The Barton Family Foundation is a charity established in 2005 by United States Congressman Joe Barton to provide support to "select charitable organizations" in , which Barton represents. His daughter-in-law, Amy Barton, is the Foundation's Executive Director. The foundation spent $130,000 on overhead between 2005 and 2008 and made $90,000 in donations.

The foundation drew page one attention from The New York Times when it was revealed that major energy corporations, such as the Chicago-based nuclear energy producer, Exelon Corporation, make large gifts to the Foundation. In June 2008, at a time when Barton had introduced legislation to assist corporations with the recycling of spent nuclear fuel, Barton solicited a $25,000 donation to the Foundation from Exelon. Exelon has also donated $80,000 to Barton's campaign funds.

According to a 2008 story in The New York Times, the foundation pledged $400,000 to the local Boys and Girls Club to help build a $1.2 million clubhouse. The Washington Times reported in 2009 that the foundation gave only $90,000 for the clubhouse.
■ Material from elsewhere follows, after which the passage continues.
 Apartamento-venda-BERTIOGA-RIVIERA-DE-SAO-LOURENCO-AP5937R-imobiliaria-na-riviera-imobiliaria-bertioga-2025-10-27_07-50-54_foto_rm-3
The foundation also pledged $500,000 for a local Meals on Wheels group. Although the foundation made no direct gifts to that charity, Energy Future Holdings and BNSF Railway gave $35,000 in the foundation's name. Both companies have also supported Barton election campaigns.

The donations by major energy corporations led to an investigation by the Office of Congressional Ethics in 2009. Barton was cleared of unethical conduct charges.